I've been through this, too. My conclusion, after
doing it two or three times, is that if you want to
give objects access to critical data like sprite
references or the position of other objects at all
times, you should be storing things in a global class,
and then anytime they want something that isn't
explicitly given to them, they reference through the
global class. The way to make a class accessable to
any namespace turns out to be relatively simple as
well, just non-obvious:

glo.py

class g:
    pass
-----
a.py
from glo import *

g.a = 2
import b
-----
b.py
from glo import *

print g.a
-----
'2'

> Re: a bit of code I haven't done, it seems like
> there has to be 
> coordination between Aquablue and Coral to make sure
> the graphics system 
> gets notified not just when a character moves but
> what animation they 
> should start playing, and I'm not sure whether the
> sprite system should 
> be explicitly told "play animation walk_north" or
> what.

The bulk of the animation-control work has to fall in
one area or the other - whether it should be part of
the AI, IMHO, would mostly depend on the nature of the
actions.

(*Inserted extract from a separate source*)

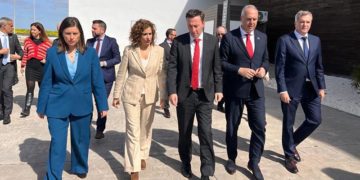 Ministra y comitiva saliendo del Navantia Training Centre / FOTO: Diputación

If you were modelling physics like "move left
leg, then right leg" or just "x1->x2, y1->y2" then the
solution is a pretty natural progression of AI ->
physics -> graphics. But once you get into stuff
defined by rules like "perform spinning kick special
move" then the AI should command graphics directly to
play the animation - and if certain frames are
important for e.g. collision, AI is probably going to
want to manage every frame itself.

Hopefully that clears it up a little.